Wildberry Cheesecake Crumb Bars

June is my favourite month.

It’s the month of fresh strawberries. It’s when school lets out (I’m 27 and I still remember how good that feels). Ice cream cravings start. And the best part? There are still two more delicious months of summer to look forward to.

In June, all I want to do is bake with berries.

June is when strawberries make their appearance for the season. As well as cherries. Blueberries and raspberries are more common in July and August.

This is the best season for working fresh, locally-sourced berries into your baking.

Of course, not everyone has the time to scour the market for fresh berries and, let’s get real, they can be a bit pricy. That’s why I made this batch with a bag of Welch’s Frozen Berries I picked up on sale.

They most definitely did the trick. The berries you use are totally up to you. They would be so delicious with a bright layer of strawberry, raspberry jam!

These Wildberry Cheesecake Crumb Bars are layer upon layer of gorgeous, summery goodness.

They combine juicy mixed berries (that don’t have to be fresh!), creamy cheesecake and a crisp, crumbly layer on the top and bottom to sandwich the whole thing together.

It may look like a lot of work, but this is very much a “set it and forget it” recipe. The berry jam doesn’t require a lot of watching on the stovetop and you don’t need to use a food processor to make the dough. If you have a pastry cutter – that’s good enough!

This is a big batch recipe. We’re talking generous, dessert-sized slices to enjoy.

Can’t you just see them arranged on the picnic table at your next cookout? This is the stuff of my summer daydreams.
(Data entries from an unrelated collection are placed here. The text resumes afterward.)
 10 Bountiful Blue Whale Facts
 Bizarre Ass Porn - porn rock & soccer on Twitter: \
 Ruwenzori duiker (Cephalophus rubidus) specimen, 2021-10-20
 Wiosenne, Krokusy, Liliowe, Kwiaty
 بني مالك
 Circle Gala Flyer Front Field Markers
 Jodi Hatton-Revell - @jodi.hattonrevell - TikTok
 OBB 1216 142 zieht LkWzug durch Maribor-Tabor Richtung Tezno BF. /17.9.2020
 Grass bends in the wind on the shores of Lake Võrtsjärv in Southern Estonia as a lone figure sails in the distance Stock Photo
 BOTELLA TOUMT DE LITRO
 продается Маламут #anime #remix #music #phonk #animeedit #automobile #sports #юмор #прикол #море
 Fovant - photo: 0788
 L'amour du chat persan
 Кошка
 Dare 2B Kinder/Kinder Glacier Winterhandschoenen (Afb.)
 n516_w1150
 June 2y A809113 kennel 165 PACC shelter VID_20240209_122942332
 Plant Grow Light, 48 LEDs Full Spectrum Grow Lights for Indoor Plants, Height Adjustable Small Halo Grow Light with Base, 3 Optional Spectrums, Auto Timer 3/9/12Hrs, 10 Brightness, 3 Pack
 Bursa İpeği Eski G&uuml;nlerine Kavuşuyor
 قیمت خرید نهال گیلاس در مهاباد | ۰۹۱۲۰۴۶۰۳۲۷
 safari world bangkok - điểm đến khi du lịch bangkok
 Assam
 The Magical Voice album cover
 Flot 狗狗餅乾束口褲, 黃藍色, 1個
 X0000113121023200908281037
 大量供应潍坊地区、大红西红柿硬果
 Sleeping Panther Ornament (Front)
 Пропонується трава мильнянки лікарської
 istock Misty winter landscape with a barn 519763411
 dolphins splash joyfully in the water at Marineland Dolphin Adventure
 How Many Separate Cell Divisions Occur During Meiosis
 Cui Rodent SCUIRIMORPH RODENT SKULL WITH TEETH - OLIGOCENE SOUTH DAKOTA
Wishing you all the most spectacular June. Savour it. Summer ends much too fast.

Have a great weekend!


Wildberry Cheesecake Crumb Bars
Serves 24 large pieces 

Wildberry filling 
1 bag of frozen berry blend (600 grams or about 4 cups)
1/4 cup sugar
1/4 cup water
2 tbsp corn starch
2 tbsp lemon juice

Cheesecake filling
12 oz room temperature cream cheese (I used light)
2 eggs
1 tsp vanilla
1 tbsp lemon juice

Crumb layer 
3/4 cup white sugar
1 tsp baking powder
3 cups white flour
1 tsp salt
1 cup cold butter, cubed
1 egg


  1. In a medium-sized pot, combine your berries, sugar, water, corn starch and lemon juice. Turn the burner to low, stirring occasionally until the mixture is thick. Crush down larger berry pieces with a fork. Set aside to cool as you prepare the rest.
  2. Preheat the oven to 350°F. Line a 9 x 13 baking pan with parchment paper or grease well. In a large bowl, combine your dry ingredients for the crumb layer. Cut in butter and egg using a pastry cutter or a food processor if you prefer. Press 2/3 of the mixture into the bottom of your pan. Bake for 10 minutes and set aside.
  3. Prepare your cheesecake layer by combining all of the ingredients until creamy. They will be somewhat liquidy.
  4. Pour the cheesecake layer over the crumb base. Top that with the berry layer. Sprinkle remaining crumb topping over the top evenly. Place in the oven and bake for roughly an hour. Check it at 50 minutes to ensure you don’t overcook. The topping with be golden and the squares should jiggle slightly, but not enough that they seem like they will slide out of the pan.
  5. Set aside to cool completely. I cooled mine overnight before cutting. Store in the fridge and enjoy!